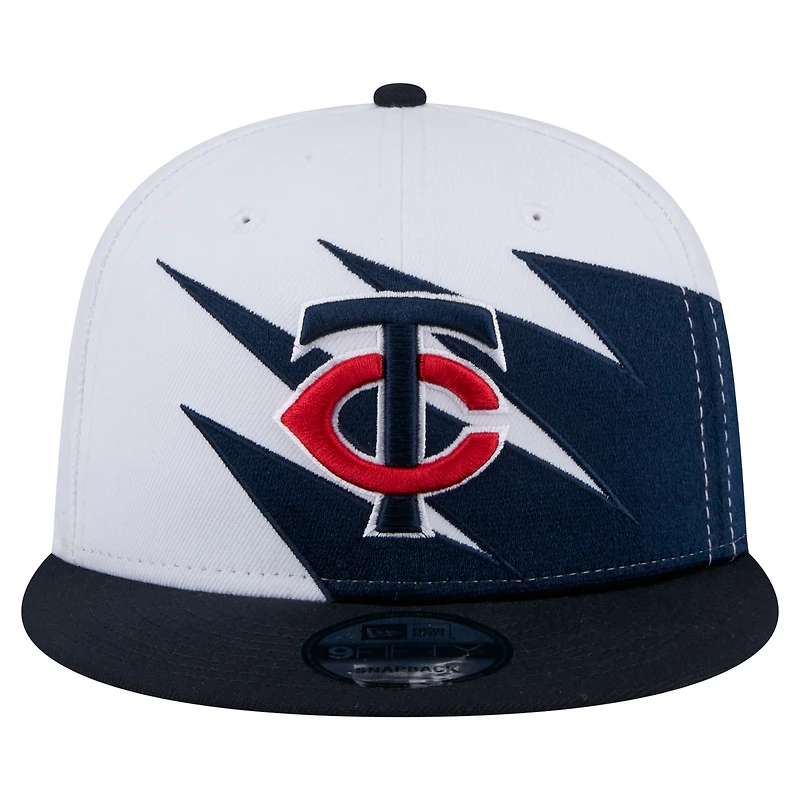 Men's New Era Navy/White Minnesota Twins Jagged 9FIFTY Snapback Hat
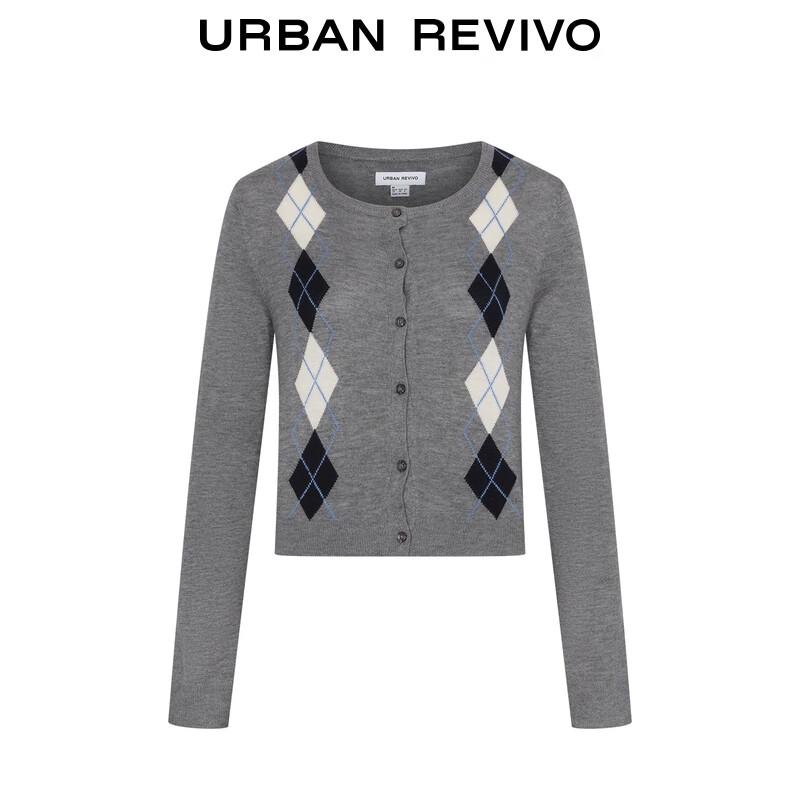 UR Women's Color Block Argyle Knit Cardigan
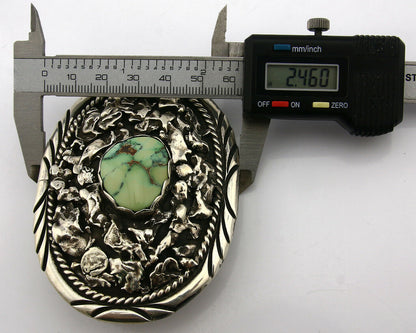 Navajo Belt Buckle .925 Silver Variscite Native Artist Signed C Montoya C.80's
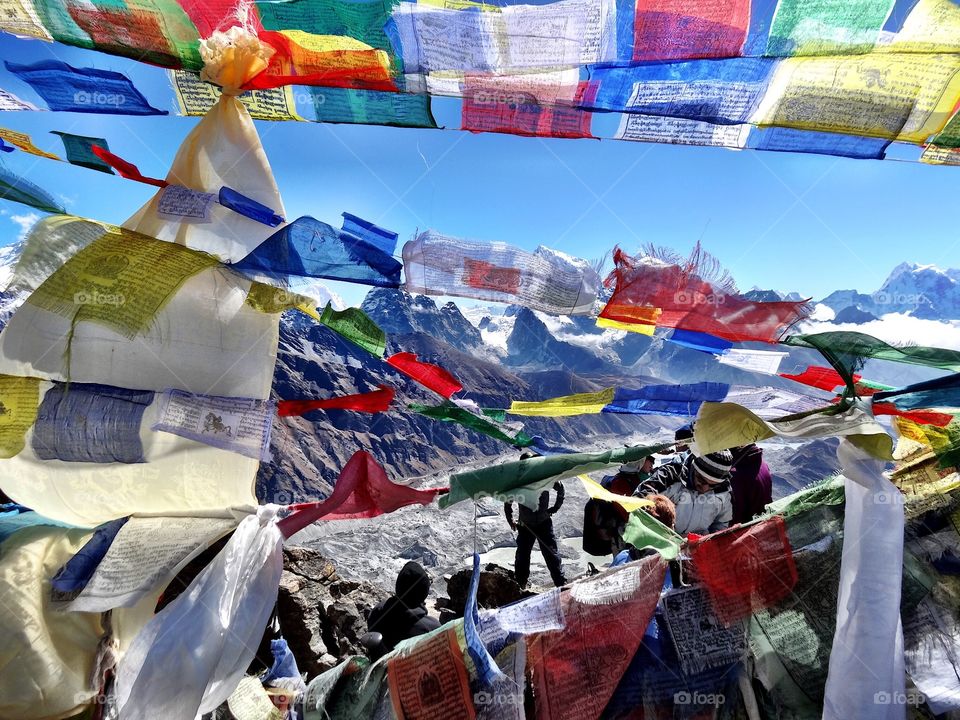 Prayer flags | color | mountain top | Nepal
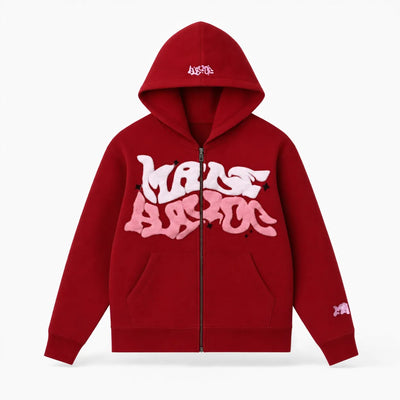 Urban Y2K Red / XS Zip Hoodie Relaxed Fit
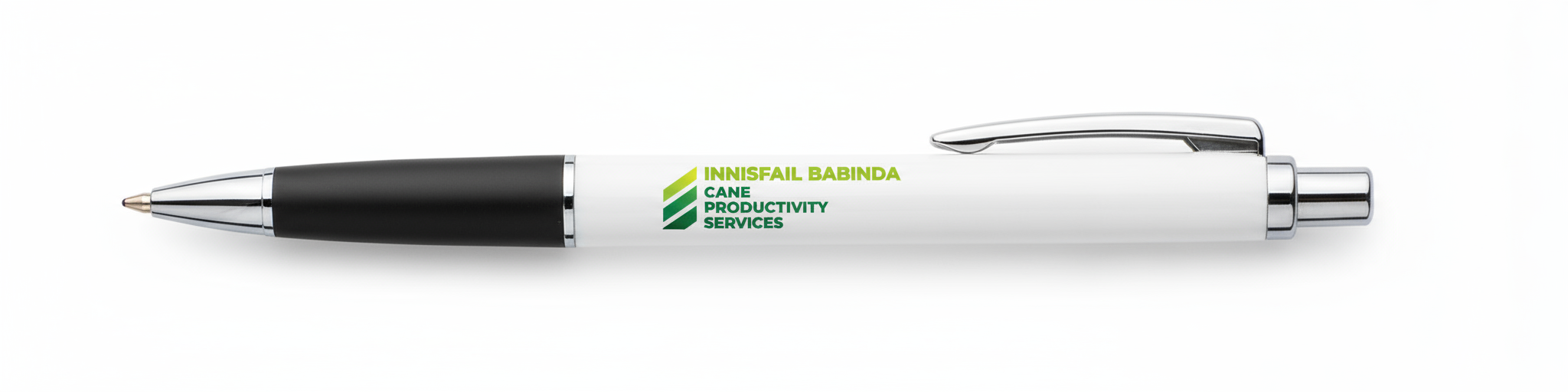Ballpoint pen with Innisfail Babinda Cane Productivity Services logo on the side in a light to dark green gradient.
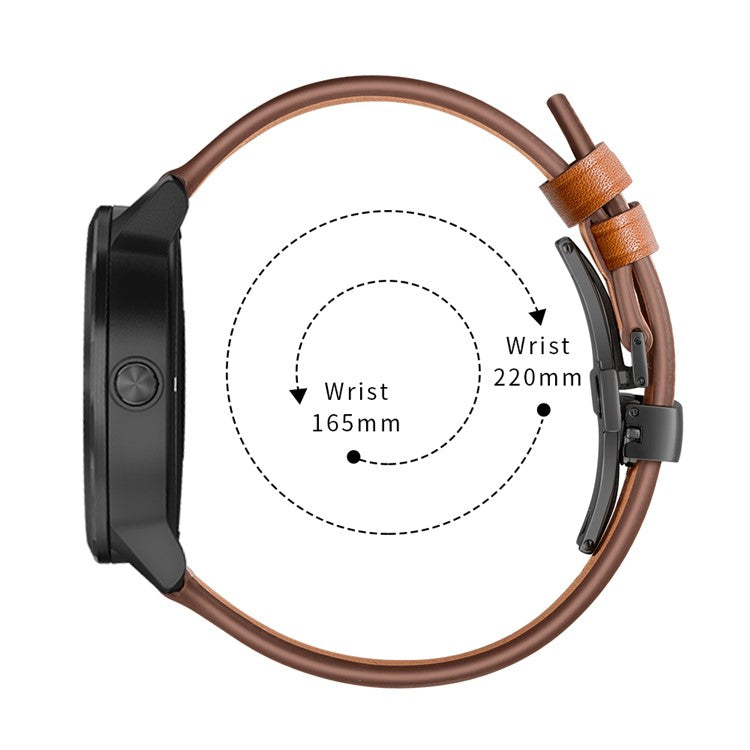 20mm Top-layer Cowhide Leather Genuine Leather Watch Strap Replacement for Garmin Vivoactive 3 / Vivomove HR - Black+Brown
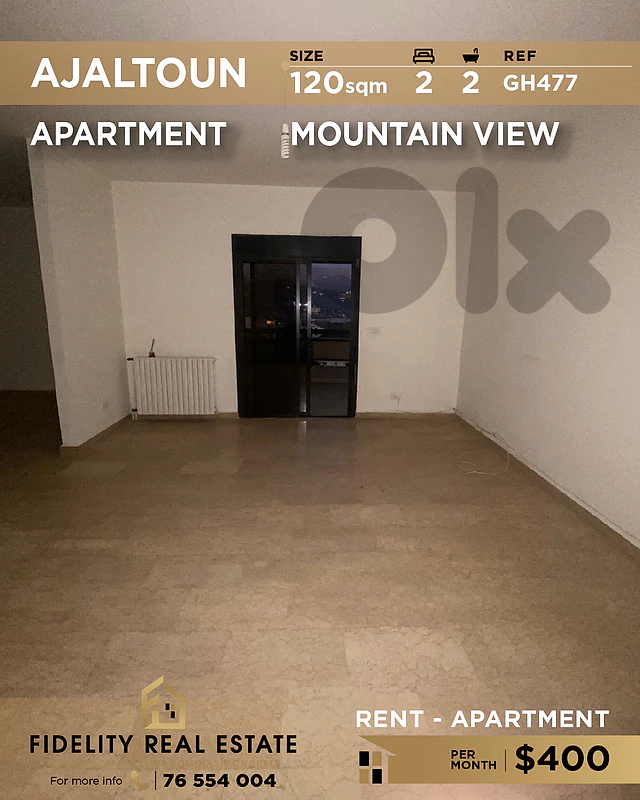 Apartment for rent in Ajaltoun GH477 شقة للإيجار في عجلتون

******

* **Task directions**
Word for word, copy all the entries above, but with no pictures.

* **Written answer**
 Men's New Era Navy/White Minnesota Twins Jagged 9FIFTY Snapback Hat
 UR Women's Color Block Argyle Knit Cardigan
 Navajo Belt Buckle .925 Silver Variscite Native Artist Signed C Montoya C.80's
 Prayer flags | color | mountain top | Nepal
 Urban Y2K Red / XS Zip Hoodie Relaxed Fit
Ballpoint pen with Innisfail Babinda Cane Productivity Services logo on the side in a light to dark green gradient.
 20mm Top-layer Cowhide Leather Genuine Leather Watch Strap Replacement for Garmin Vivoactive 3 / Vivomove HR - Black+Brown
 Apartment for rent in Ajaltoun GH477 شقة للإيجار في عجلتون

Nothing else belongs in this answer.